C. Tenant fails to observe or perform any of the other covenants, conditions or provisions of this Lease and Tenant fails to cure such default within thirty (30) days after notice thereof in writing to Tenant.

D. Tenant files a petition in bankruptcy or for reorganization or for an arrangement pursuant to the Bankruptcy Act of the United States or shall be adjudicated a bankrupt or shall admit in writing its inability to pay its debts generally as they become due, or if a petition or answer proposing the adjudication of Tenant as a bankrupt pursuant to the Bankruptcy Act of the United States or any similar federal or state law is filed and such petition or answer shall not be discharged or denied within sixty (60) calendar days after the date of filing thereof.

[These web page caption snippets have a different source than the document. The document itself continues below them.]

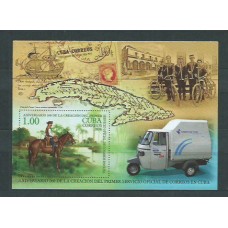 Cuba Hojas 2016 Yvert 328 ** Mnh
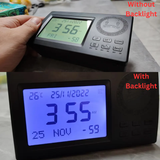 AzanClk Automatic Worldwide Digital Multi Azan Sounds Desk Clock Az-106 - Black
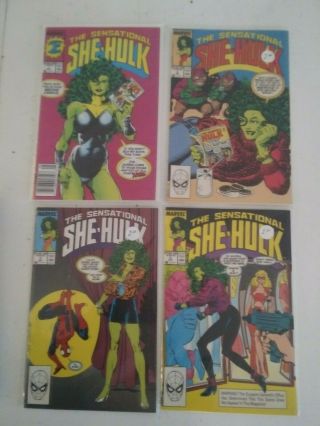 The Sensational She - Hulk Issues 1 - 6,  8 - 9,  31 - 50,  Very Fine Plus To Near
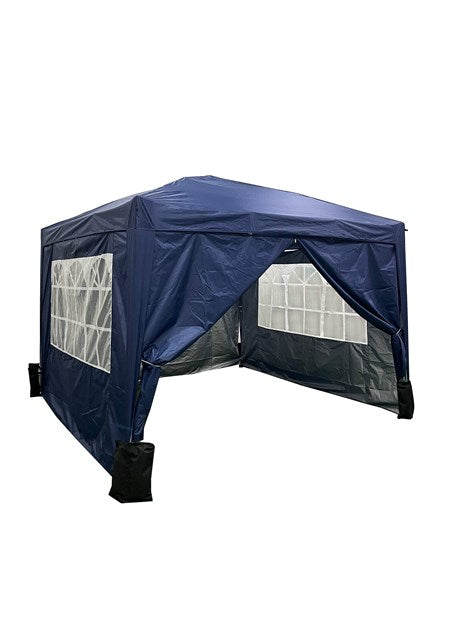 3x3m Aluminium Pop-Up Gazebo- Navy Blue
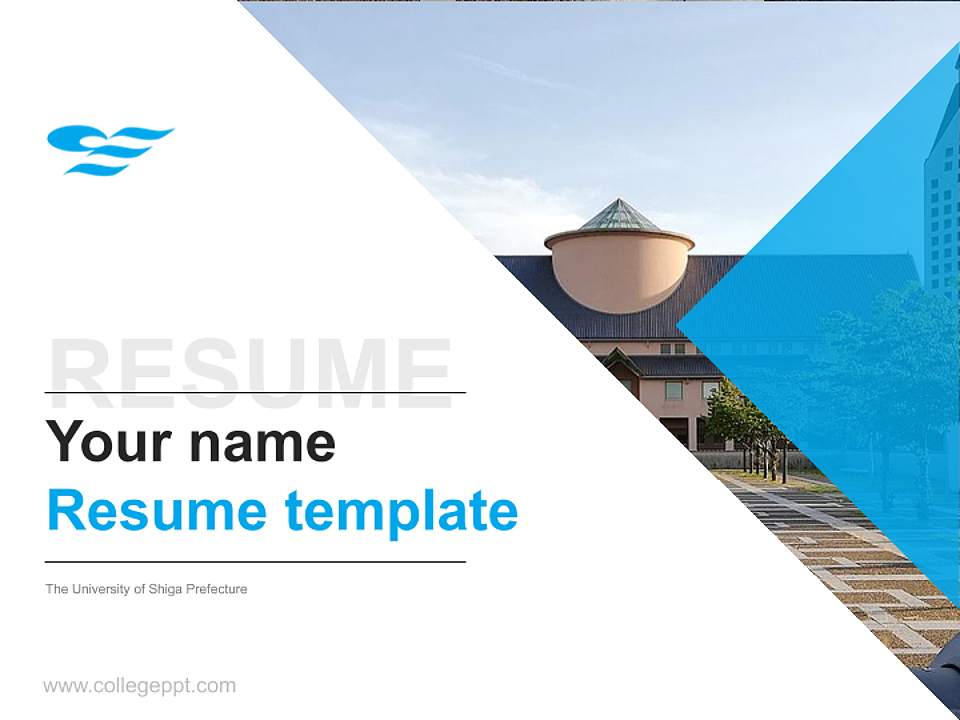 The University of Shiga Prefecture Resume PPT Template4:3 ratio PPT effect preview image5
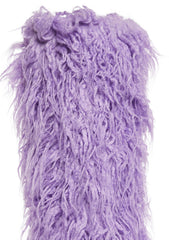 Liquid Rhythm Faux Fur Boots - Purple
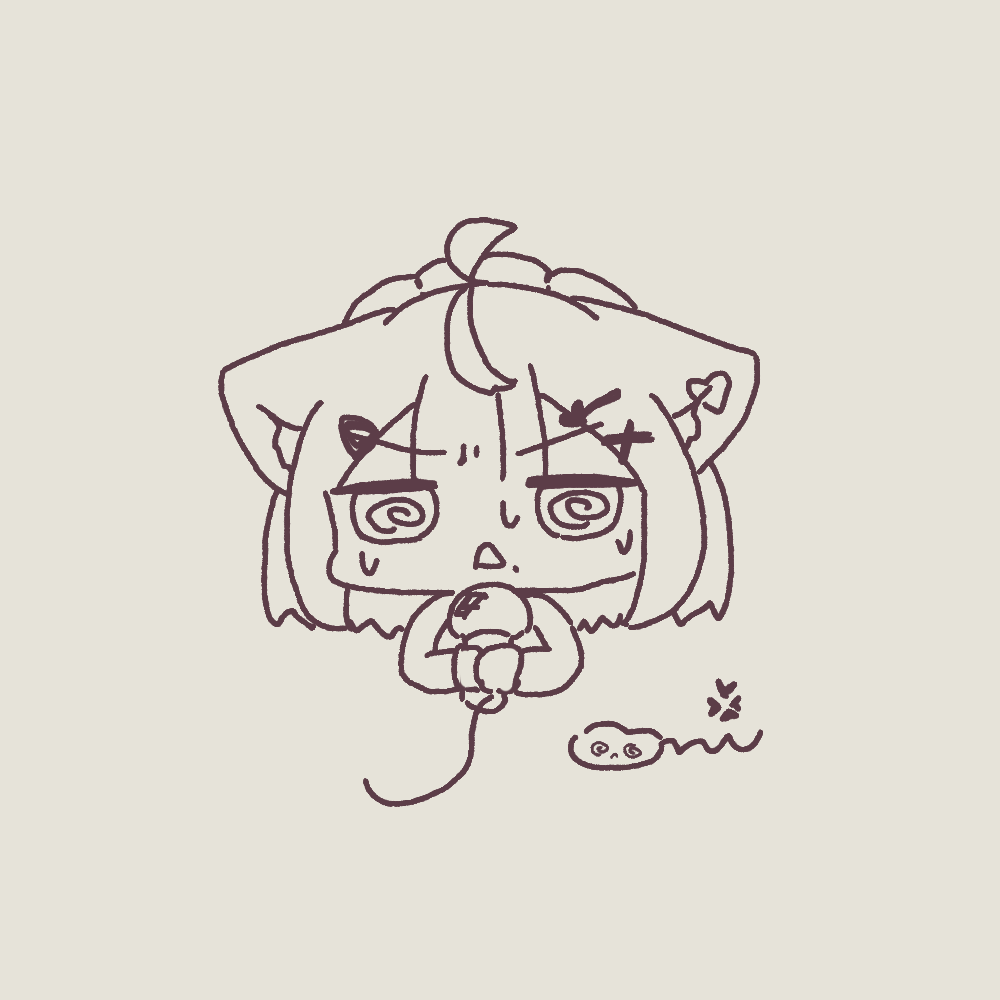 みんなのまえで歌うの緊張しちゃううに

E. A receiver, trustee or liquidator of Tenant or of all or substantially all the property of Tenant or of its interest in the Premises shall be appointed in any proceeding brought by Tenant, or if any such receiver, trustee or liquidator shall be appointed in any proceeding brought against Tenant and if such receiver, trustee or liquidator shall not be discharged within sixty (60) calendar days after such appointment.

F. The Premises shall have been abandoned or left unoccupied for twenty-five (25) consecutive calendar days.

G. The occurrence of any other event which is defined as a default elsewhere in this Lease, together with the passage of the applicable grace period, if any, without cure.

24.
REMEDIES

Upon the occurrence of any one or more such events of default, Landlord may at its election, either terminate this Lease or terminate Tenant’s right to possession only, without terminating this Lease, pursuant to the following provisions:

24.1 Termination of Lease.

A. Landlord shall have the right, at its election, to terminate this Lease on a date specified in a notice from Landlord to Tenant. On such Termination Date, all right, title and interest of Tenant hereunder shall expire, and Tenant shall then peaceably and quietly quit the Premises and surrender the same to Landlord, but Tenant shall remain liable as hereafter provided. If any such notice is given, Landlord shall have the immediate right of re-entry and possession of the Premises and the right, pursuant to the provisions of Section 24.3, to remove all persons and other property therefrom.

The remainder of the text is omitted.